Claro que isto não acontece por incompetência do Estado que tem ao seu dispor todos os meios para defender com razoabilidade os seus interesses, tanto mais que o processo de decisão passa (ou deveria passar) por várias instâncias de supervisão e controlo, mas por força de decisões políticas com propósitos e objectivos muito claros.
Perante este quadro haverá alguma hipótese de responsabilizar quem quer que seja pelos “erros” de governação?
Claro que não, enquanto as forças que se revezam no poder, embora politicamente diferentes, defendam, no essencial, os mesmos interesses – os interesses do sistema – e sejam permeáveis à corrupção, como necessariamente são, pela via do financiamento partidário, latamente entendido.
Pode a força política que ascende ao poder, depois de vários anos dele arredada, como agora acontece com a coligação de direita neoliberal, PSD/CDS, lançar múltiplas acusações contra quem a antecedeu, mas não o fará para responsabilizar quem quer que seja, nem para tirar as consequências que se impunham, mas antes e só para colher as vantagens políticas das insinuações e principalmente para encontrar nos actos passados uma excelente justificação para as políticas que pretende pôr em prática.

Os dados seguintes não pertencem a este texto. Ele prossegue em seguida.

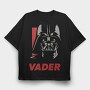 Darth Vader Face, Tricou Oversize Barbati (Unisex)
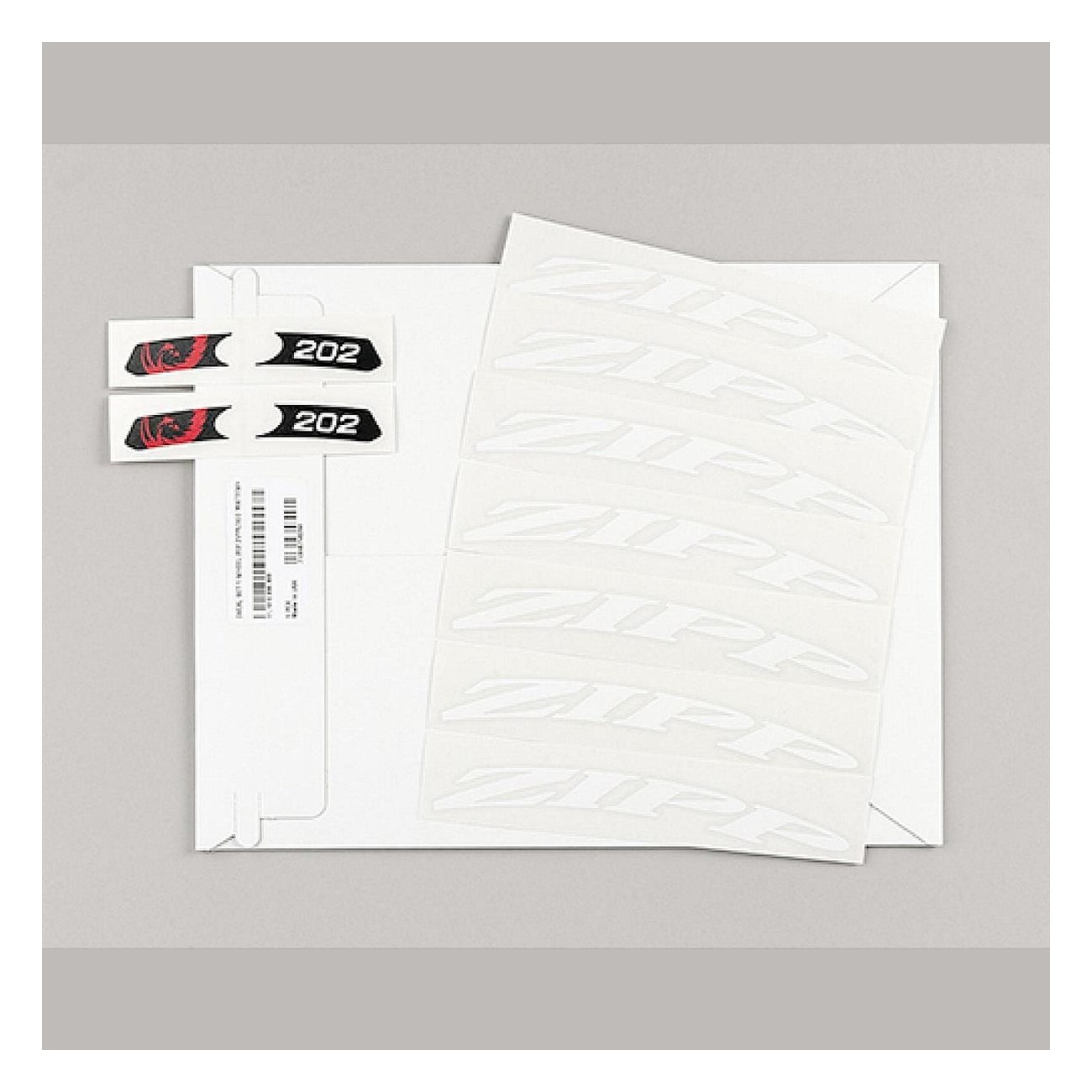 Set de Décalcomanies Blanc Mat pour Roues ZIPP 202 - Design Sans Bord - 1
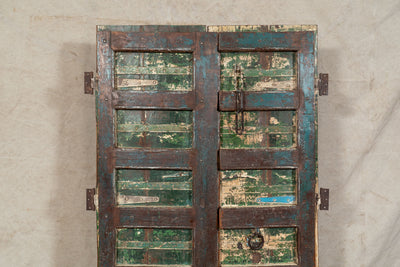 Biscottini Porta portone in legno massello e ferro da interno o da esterno vecchia e antica medievale scorrevole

O caso das parcerias público privadas é paradigmático. Toda a gente sabe que as parcerias público privadas tal como foram postas em prática em Portugal são basicamente uma vigarice. Mesmo que haja uma ou duas excepções, a verdade que quase todas elas constituem negócios ruinosos para o Estado e simultaneamente muito lucrativos para aqueles que com ele contrataram.
Mas então, se houvesse um propósito sério de pôr cobro a isto, a primeira consequência não seria a renegociação imediata das condições acordadas? Mais: não seria uma revisão soberana dessas condições contratuais?
Claro que o objectivo é de pura chicana politica, mesmo quando apoiado no argumento jurídico da inalterabilidade dos direitos adquiridos.
Então, se uma parcela significativa dos ordenados dos funcionários públicos e dos reformados, que descontaram, durante uma vida de trabalho de várias décadas, para mais tarde terem direito a essas remunerações, pode ser confiscada por tempo indeterminado não podem os contratos leoninos das parcerias público-privadas ser soberanamente alterados com base na profunda desigualdade das prestações?
Claro que a gente conhece o direito dos contratos e muitas outras coisas, mas também conhece o direito à inalterabilidade do salário…
É por esta, e por muitas outras iguais a esta, que as pessoas vão ter de se convencer que nenhum destes problemas tem solução dentro do sistema que os criou. É preciso bani-lo e com ele os seus principais protagonistas. Não pode haver outro objectivo de luta…
1 comentário:
O penúltimo parágrafo sintetiza a falácia da argumentação dos defensores da "honradez do Estado", do Estado como "pessoa de bem" etc. etc. Já há muito me interrogo porque é que quem contesta as políticas de confisco dos salários (vulgo esquerda) não põe a nu esta flagrante dualidade de critérios.